By Michael Battista
I love the smell of ice in the morning.
The National Hockey League playoffs started a few weeks ago, and I’ve been enjoying myself immensely so far despite the fact that the New York Rangers failed to make the postseason for the first time since 2010.
I can’t help but be swept up by the teams and stories taking place right now. These stories range from the Vegas Golden Knights’ success in their first-ever season, to left wing Evander Kane stepping up in his first-ever playoff series for the San Jose Sharks after being traded from the Buffalo Sabres earlier this year. Now both of these teams are lined up to face one another in the second round in what should be a must-watch series.

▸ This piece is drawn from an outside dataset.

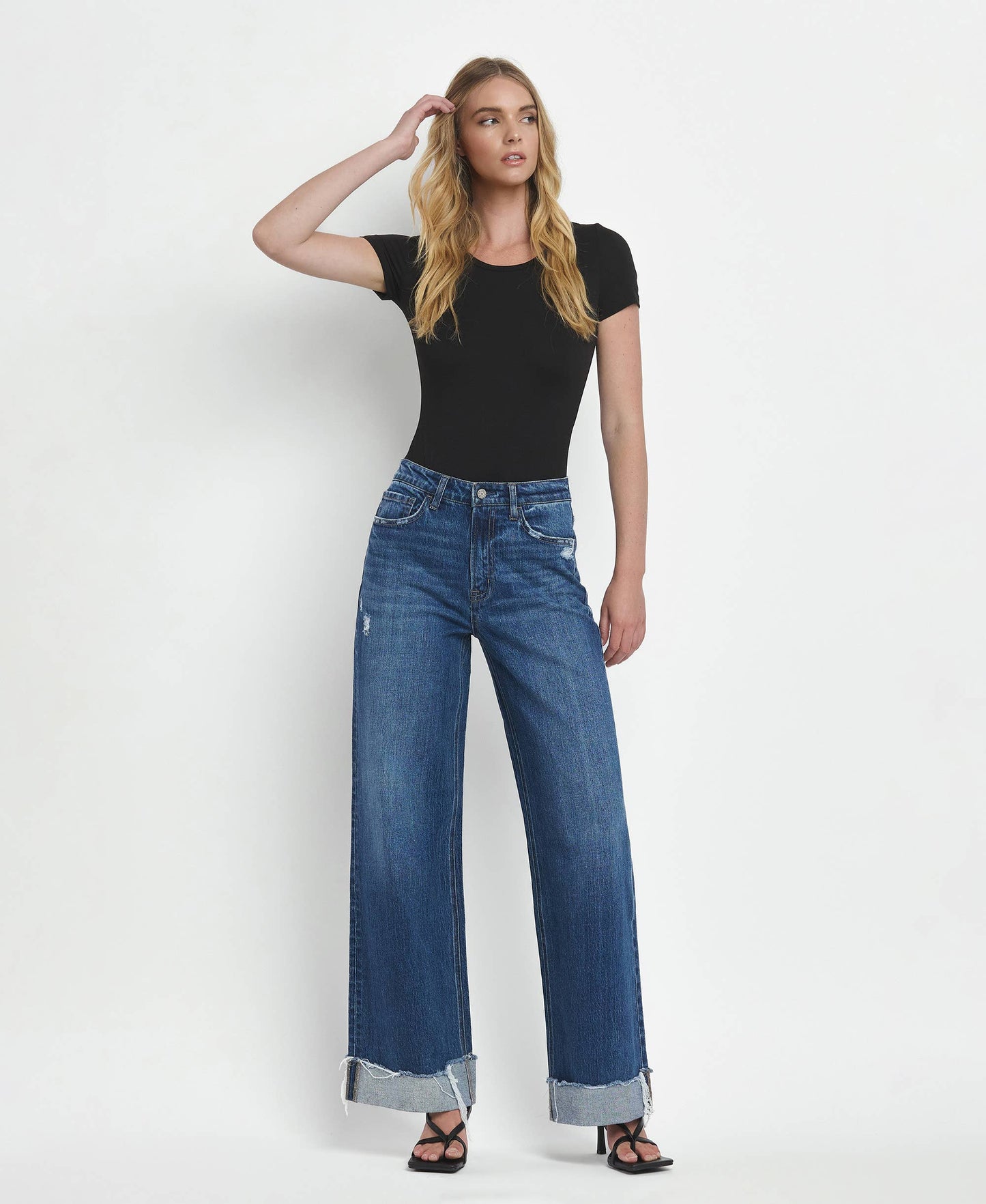 SUPER HIGH RISE CUFFED BAGGY WIDE JEANS T6614: BRILLIANCE, 26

That doesn’t mean the competition isn’t without critics. On my WTSR sports show, Riding the Pine, my co-host Alex Mitchell and I discussed the idea that the NHL Playoffs are too long.
It’s not hard to see why people like Mitchell believe this. The first round started on April 11 this year and will end sometime in June. Last year’s entire playoff process took nearly two months, starting on April 12 and ending on June 11 when the Pittsburgh Penguins defeated the Nashville Predators in six games. Mitchell said he also believes the NBA playoffs, a league that he follows more closely, is also far too long while the MLB postseason only takes a month.
While everyone is entitled to their own points of view, I did start to think extensively about why a best-of-seven series for every round of the NHL playoffs is better for the sport. It’s mainly attributed to the level of talent and competition.
Look at the Philadelphia Flyers. After losing 7-0 in Game One of their first round series against the Pittsburgh Penguins, they beat the defending two-time champions in Game Two, 5-1. That sort of comeback just doesn’t happen in the NBA, especially against a team like the Penguins.
Looking at the NBA, if someone believed that the San Antonio Spurs could beat the defending champion Golden State Warriors by a lopsided score like 121-79 after losing a game, I’d love to meet them. The Washington Capitals, the top team in the Metropolitan Division, lost the first two games of its first round series to the wildcard Columbus Blue Jackets in overtime this year. Not many people could say they saw that coming and that series became must-watch hockey.
Now look at the NHL’s Western conference. On route to being swept, the Los Angeles Kings lost all their games to Vegas by one goal in close games and L.A.’s goaltender Jonathan Quick stopped nearly every single one of the Knights’ shots. The Colorado Avalanche scored four goals against the Nashville Predators in their Game Two loss, 5-4, and found themselves in a three-goal deficit just to nearly come back by scoring two unanswered goals in the third period.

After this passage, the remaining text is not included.